Poi c’è Laura Boldrini com’era prima di marzo, prima della giornata in cui, come ha raccontato lei stessa in tv al sempre più estasiato Fabio Fazio, Dario Franceschini le sibilò in corridoio che c’era “una bella sorpresa” per lei, e la sorpresa era il suo nome, diventato per un attimo la speranza del Pd di Bersani: mandare in alto la “società civile” per placare gli anticasta entrati in Parlamento e arrivare a un “governo di cambiamento” poi rivelatosi impossibile. Lei, Boldrini, “una specie di Isabella Rossellini con i capelli lunghi”, dice dal Pd un estimatore, quel giorno entrò in una stanza e vide tutti girarsi verso di lei, e lei allora si girò all’indietro, come aspettando di trovare “la persona autorevole” da votare per la presidenza della Camera. Non c’era nessuno, dietro, e Boldrini anche oggi dice che è stato “uno choc”, cosa che piace molto all’area “Corpo delle donne”, conquistata dalla modestia, vera o falsa che sia, e dall’aurea sobrietà. Non c’era nessuno, dietro Boldrini, e da quel giorno la filosofa e deputata pd Michela Marzano, su Repubblica (Boldrini è il presidente perfetto per Rep.) ne tesse le lodi anche in chiave para-semiologica: la tv di Miss Italia non era più “specchio” della società come nei bei tempi andati, ma “proiezione maschile” (Marzano condivide la visione di Boldrini, che non tollera di vedere soltanto il “due per cento” di donne parlanti in tv e trova ovunque tonnellate di “bullismo machista antico di secoli”).

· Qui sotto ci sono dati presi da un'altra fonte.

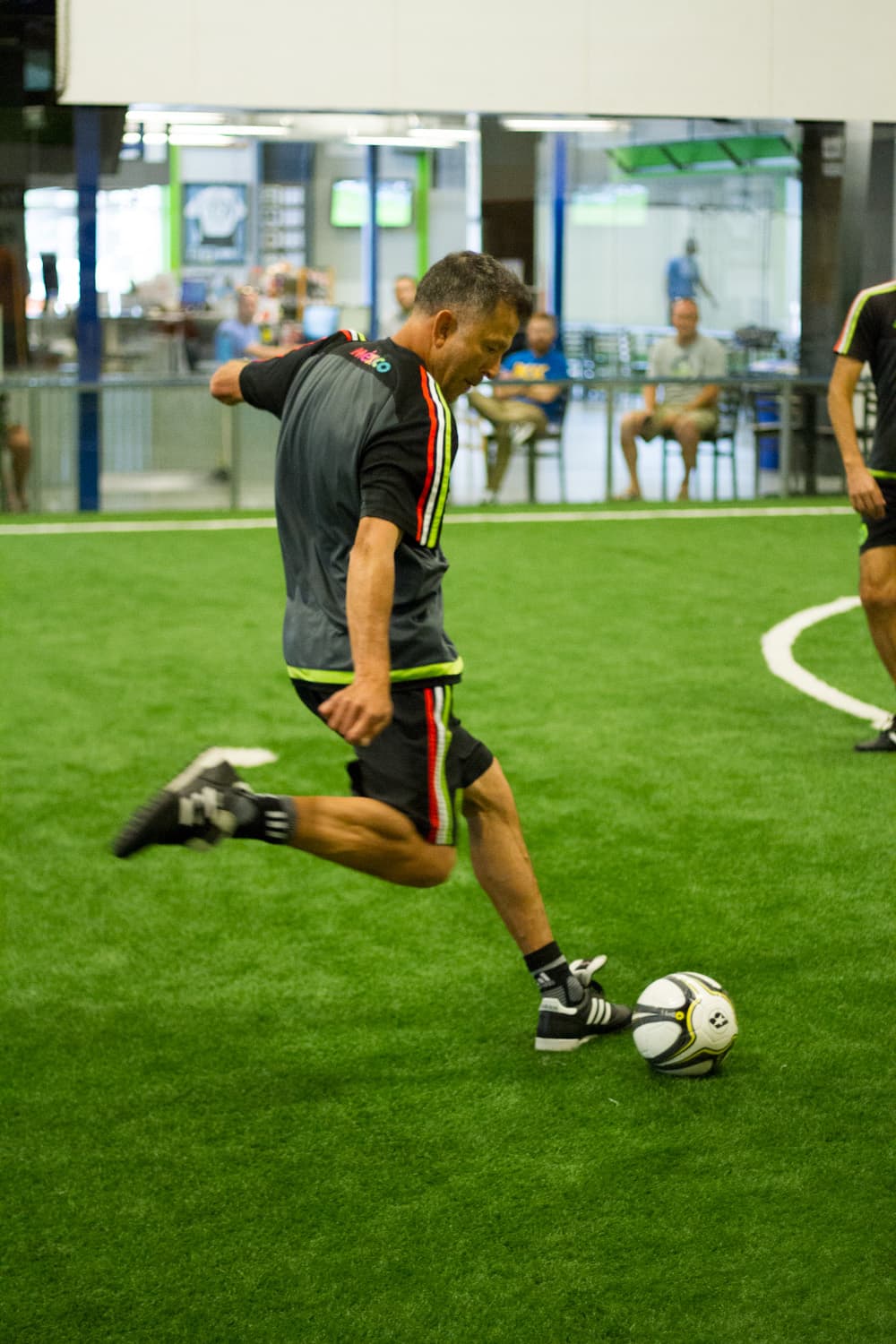 El cuerpo técnico del Tri, con un esquema táctico basado en rotaciones, tocó el balón a su antojo y venció 11-6 a los comentaristas de Univision y Televisa esta mañana en Boulder, Colorado, en un partido lleno de intensidad y camaradería.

Prima di diventare questa Boldrini, Boldrini favoriva ricongiungimenti familiari: la storia di Murayo, ragazza somala con “due famiglie”, che grazie a Boldrini ha ritrovato il padre africano dopo aver vissuto diciotto anni con un padre e una madre italiani, è raccontata nel libro “Solo le montagne non si incontrano mai”, scritto dal presidente della Camera per Rizzoli con il cuore della mamma che nelle altre bambine vede la sua bambina e presentato dal presidente della Camera a “Chi l’ha visto?” – per raccogliere fondi per i profughi del campo keniota di Dadaab, ha detto, e però il Web impertinente ha subito girato il tutto in: “Ma che fa, Laura Boldrini, pubblicità occulta?”.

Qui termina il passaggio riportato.